The idealistic teacher. The unresponsive institution. The brave deaf children struggling to overcome their handicap. The particularly difficult case. The breakthrough. The setbacks. The ultimate triumph. Children of a Lesser God omits nothing from the formula that guarantees a work to be routinely moving.
On the other hand, it is not easy to shrug off. For in writing the play on which the film is based, Mark Medoff shrewdly, perhaps courageously, added an unexpected element to the mix. He permitted love–the real, sexual thing–to develop between that too-good teacher (played with a bit too much self-regard by William Hurt) and one of the school’s charges.
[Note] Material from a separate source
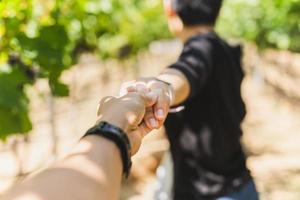 Shallow focus of couple holding hands in vineyard in blur background. photo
Sarah (Marlee Matlin) is not officially a student. She is a graduate who has her own bitter reasons for staying on campus, doing menial work, instead of rejoining the world. If anything, the abuses she once suffered make her more vulnerable and touching. Yet she never seems pathetic, not as played by Matlin, who is a beautiful young woman and an actress of awesome gifts. Spotted playing a minor role in a Chicago revival of the play, she has an unusual talent for concentrating her emotions–and an audience’s–in her signing. But there is something more here, an ironic intelligence, a fierce but not distancing wit, that the movies, with their famous ability to photograph thought, discover in very few performances. Children of a Lesser God, though given a handsome openness in Director Haines’ production, cannot transcend the banalities of the play. But Matlin does. She is, one might say, a miracle worker. –R.S.